Summary: We tend to see only what we expect to see, and thus at Christmas we do not see the glory and majesty of the Christ child in the homeless, the downtrodden, the ashamed.

They say that "seeing is believing". Well, that depends. That depends on whether you can trust your eyesight. And it depends on whether you have decided to see what is really there or just what you think is there.

"Seeing is believing." It depends on whether you can trust your eyesight. My mother-in-law is suffering from macular degeneration; that means that a small structure in the eyes has declined and her vision is often blurred. She says that one of the greatest frustrations she has is that she cannot read people's faces; she can hear what you are saying, but if you are across the room, she cannot see your face well enough to read your expression. And so she does not feel she really knows what you are saying, even though she can hear the words perfectly. "Seeing is believing" only if you can trust your eyesight to read what is happening.

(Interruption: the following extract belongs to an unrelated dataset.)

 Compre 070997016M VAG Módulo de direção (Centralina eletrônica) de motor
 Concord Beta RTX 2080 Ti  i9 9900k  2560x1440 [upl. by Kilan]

And seeing is believing, too, only if you see what is really there and not what you think will be there. Optical illusions occur because our minds fill in things that are not really there.

A couple of weeks ago my wife was using a game with some of her students. It was a little like a crossword puzzle: you were supposed to guess a variety of Christmas words from various clues. One of the clues seemed to be nothing more than a printout of the alphabet. What Christmas word would that suggest? What Christmas word would you get from a clue that just read "abcdefghijkmnopqrstuvwxyz"? Did anybody get it? "No L". Noel, No "L", abcdefghijk … m. But the mind tends to fill in what the eye expects to see, or the ear expects to hear.

"Seeing is believing" is true only if you choose to see what is really there, not what you expected to see.

As the apostle Peter neared the end of his life and career, he began to fear that some of Christians were about to lose sight of reality. He began to sense that their central, keystone commitment, their core confession was about to get lost. Peter began to worry that, of all things, these folks were losing sight of who Jesus Christ is.

In the passage I've read for you, Peter speaks about people being "blind" and "shortsighted". He is afraid they will forget some key realities. And so Peter, in a pungent phrase, calls Christians to rivet their attention on exactly who Jesus Christ is and what He is like. Peter insists that when he taught them about Christ, he was teaching no myth, nor was he promoting an optical illusion. Peter insists, on the contrary, that he and his fellow believers were "eyewitnesses of majesty".

Hear the key text again: "For we did not follow cleverly devised myths when we made known to you the power and coming of our Lord Jesus Christ, but we were eyewitnesses of his majesty. "

"Eyewitnesses of majesty" The trouble is that eyewitnesses don’t always see everything there is to see; the trouble is, too, that even eyewitnesses sometimes see only what they expect to see.

I

Beneath the tinsel and the golden glow of Christmas there is one and only one central message, and that is Incarnation, enfleshment. The central fact of Christmas is that the word became flesh and dwelt among us, and we beheld, we saw, His glory.

And yet, you see, even that central fact, that core confession, gets lost, covered over in the mad scramble to do all of the things Christmas was never designed for. And, as always, the issue is what we choose to see, what we expect to see.

I do not intend this morning to be the Grinch that stole Christmas, but I do have to wonder with you what has happened to the peculiar paradox of Christmas. Is it possible that even believers become blind and shortsighted about who this Jesus really is and what He means? Have we too forgotten what we are looking for?

For example, we seem to have decided that we have to celebrate Christmas worrying about whether we have properly impressed those we love and who love us. Would our spouses and children love us any the less if we did not spend hundreds of dollars to give them things they do not need and have decided they want only because some TV commercial tells them to want it? Where is Jesus in all of that? How does that help us become eyewitnesses of his majesty?

Again, we seem as a nation to have determined that the purpose of Christmas is to stimulate a sagging economy. When the business columns of the newspapers are full of articles describing the tactics of the retailers, who hope to reap as much as 40% of their sales during this season; and when at the same time, charities and churches and mission agencies are starving for funds to do their work …when that happens, we have to wonder, has somebody forgotten that we are eyewitnesses of His majesty? Have we lost sight of the one central truth, the core confession: that Jesus the Christ is God come in human wrappings? You and I seem to prefer to keep the wrappings and throw away the gift!